John Couch, Apple's vice president of education marketing, says the iPad's lightweight, tech prowess and versatile user-interface make it a valuable learning tool for "a generation of kids who grew up in a digital world."
"They want to express themselves in class through the same media-rich environment they observe around them outside of school. I see the iPad as a classroom without walls," says Couch, adding that the tablet's just the latest in a long line of Apple's efforts on the education front. "We've built this ecosystem with a lot of content like iBooks that's not just digital but truly transformational, with interactivity and other features that traditional textbooks don't have."
While Apple's dominance in e-learning is certainly not guaranteed, considering how many hardware companies and content providers have already jumped into the space, the Cupertino, Calif., tech giant certainly has a solid toehold. And it owes a lot of that success to the iPad's seductive lure.
Earlier this month, Apple said it would offer interactive digital textbooks and tools for teachers to create their own books using iAuthor. This was a longtime dream of Apple's late CEO Steve Jobs, who once predicted the iPad would make print textbooks obsolete.
That's already coming true in Wesmiller's classroom, where students are following an online textbook their teacher personally crafted as a dynamic mashup of content from the Library of Commerce, YouTube and Google maps.
Valerie Wuerz, 17, peers into her iPad, where an app called 7 Billion breaks down the global impact of overpopulation in text, slides, video and forums where students can share ideas and develop projects. She calls the iPad "a great resource, because textbooks are expensive and heavy to lug around."
But the costs of going digital have raised concerns that struggling public districts will never be able to afford tablets for every student, widening a digital divide between public and private schools. Mitty bought the first 250 iPads at about $500 each, but will rent the ones next fall and charge each student an as-yet-undetermined monthly fee folded into their tuition. Even with those fees, Brosnan says parents will save money over time because an $80 print textbook, for example, will be replaced by a $14 iBook version.
Down the hall, science teacher Kate Slevin's class focuses on the subject of momentum.
"OK, guys," she says. "Open your iPads." They use a note-taking, audio-recording app called Notability that lets users write notes with their fingers over text on the screen. They can import a syllabus or a book chapter, create bullet outlines, and record the lecture in case they miss something. And they can email their marked-up document to the teacher, which is what Zak Hovey, 14, just did.
"I love the iPad," he says, "because everything you need is in your hands and all in one place."
Fellow student Jennifer Canfield, 14, uses the tablet in her Spanish class, "and it makes working on pronunciation and looking up words much easier than using a printed book."
Asked if she's tempted to wander the Web instead of focusing on class work, a concern some educators have raised about digital learning, Canfield replies: "I'm not that kind of student."
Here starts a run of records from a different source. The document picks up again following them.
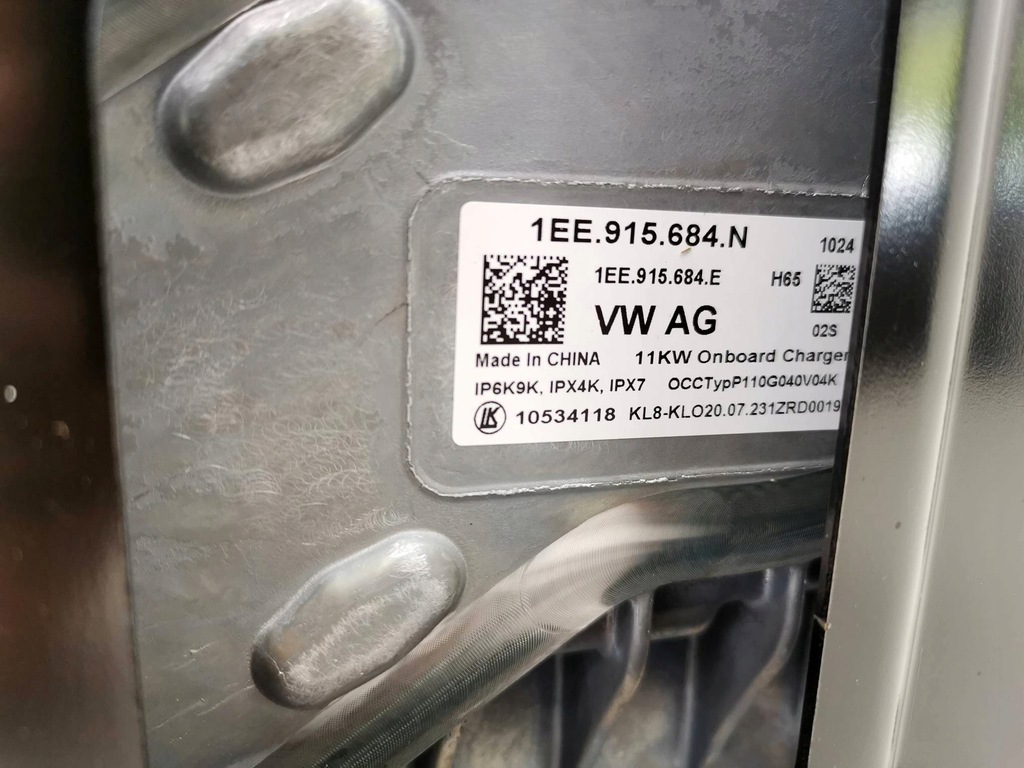 фото №7, Зарядний пристрій do акумуляторів wysokiego напруги volkswagen id.7 1ee915684n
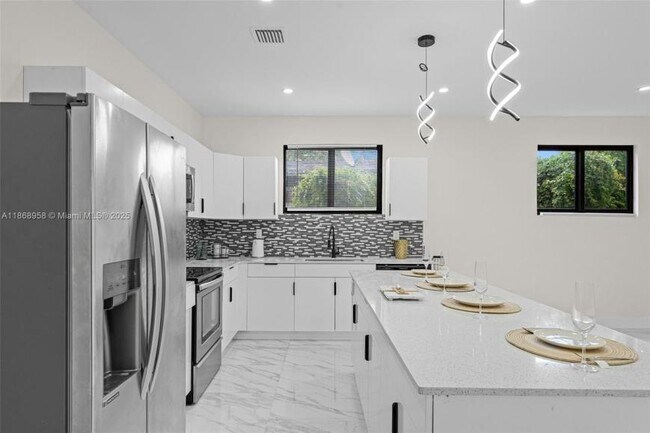 Foto del edificio - 3 bedroom in Miami FL 33150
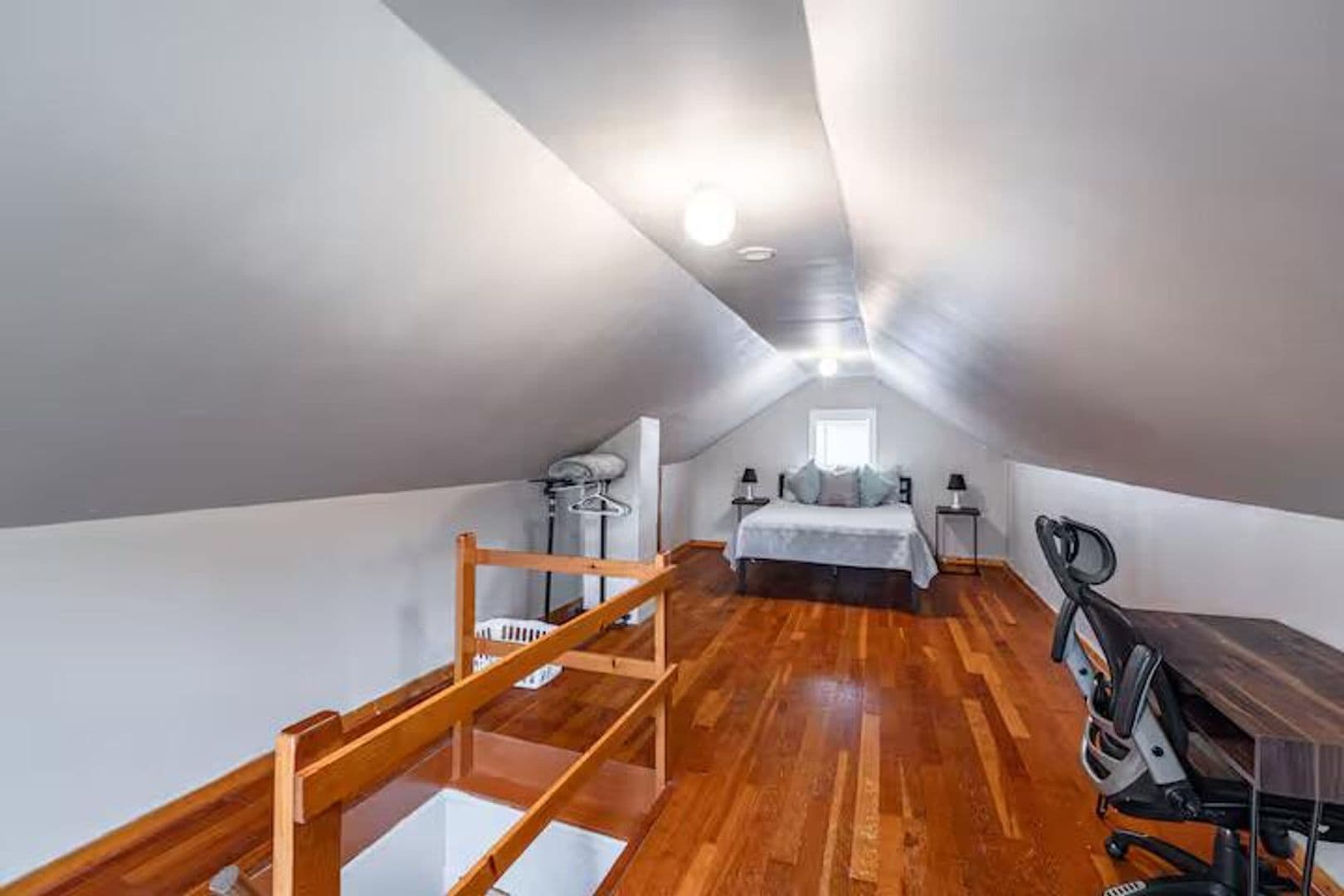 La Crosse House: 621 Farnam St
APPS USED AT ARCHBISHOP MITTY HIGH SCHOOL
7 Billion: a National Geographic tool that uses text, video and interactive maps to explore how our exploding human population impacts the world's limited resources
Notability: a note-taking app that lets you write with your finger on the screen and also allows you to audio-record a lecture; its time-stamp feature syncs your notes with the audio so you can easily search for certain words
The Elements: A Visual Exploration: the periodic table brought to life in text, video and 3-D photography
Dropbox: a file-sharing app that lets students drop a document or photo into a virtual bin where teachers and other students can access it
Doceri: allows teachers to move around a classroom while controlling their laptop remotely and wirelessly
Air Sketch: lets teachers see in real time on their iPads what students are doing on theirs
GoodReader: allows students to collaborate on a shared document by annotating text in a PDF file
(c)2012 the San Jose Mercury News (San Jose, Calif.)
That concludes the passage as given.